Der zunächst von SPD-Bürgermeister Peter Tschentscher angestrebte Kompromiss mit Vattenfall ist gescheitert: Hamburg kauft das Fernwärmenetz zum Jahreswechsel vollständig vom schwedischen Energiekonzern zurück. Das hat Tschentscher am Dienstag bekannt gegeben. Nachdem das Strom- und das Gasnetz bereits wieder in städtischer Hand sind, wird damit auch der letzten Teil des Volksentscheids von 2013 zum Rückkauf der Energienetze umgesetzt.

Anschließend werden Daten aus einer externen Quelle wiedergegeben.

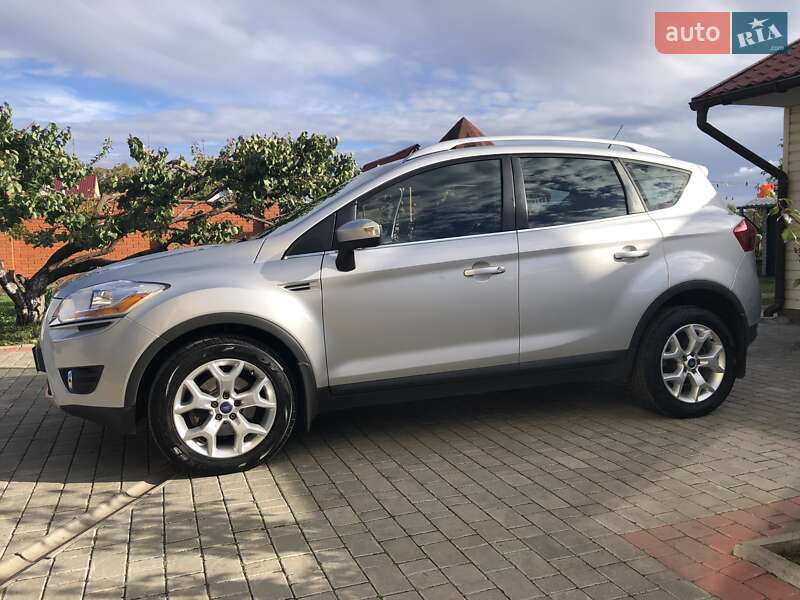 Позашляховик / Кросовер Ford Kuga 2011 в Одесі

950 Millionen Euro müssen bezahlt werden
Für das gesamte Netz muss Hamburg nun den 2014 vereinbarten Mindestpreis von 950 Millionen Euro bezahlen. Da die Stadt bereits 25,1 Prozent für 325 Millionen Euro erworben hat, werden nun noch 625 Millionen Euro fällig. Tschentscher hatte bis zuletzt eine Verlängerung der Zusammenarbeit mit Vattenfall favorisiert.
Voraussetzung wäre gewesen, dass das Unternehmen die Mehrheit an der Fernwärme sofort abgibt und als Minderheitsgesellschafter die klimafreundliche Umgestaltung begleitet hätte. Dazu war Vattenfall bis Montagabend nicht bereit.
Keine Preissteigerungen über Marktentwicklung
Daher sei die „vollständige Übernahme die beste Lösung“, auch im Sinne des Klimaschutzes, so Tschentscher. Die rechtlichen Bedenken zum Rückkauf haben sich offenbar zerstreut. Nach neuen Gutachten ist die Fernwärme zwischen 920 Millionen und 1,1 Milliarden Euro wert.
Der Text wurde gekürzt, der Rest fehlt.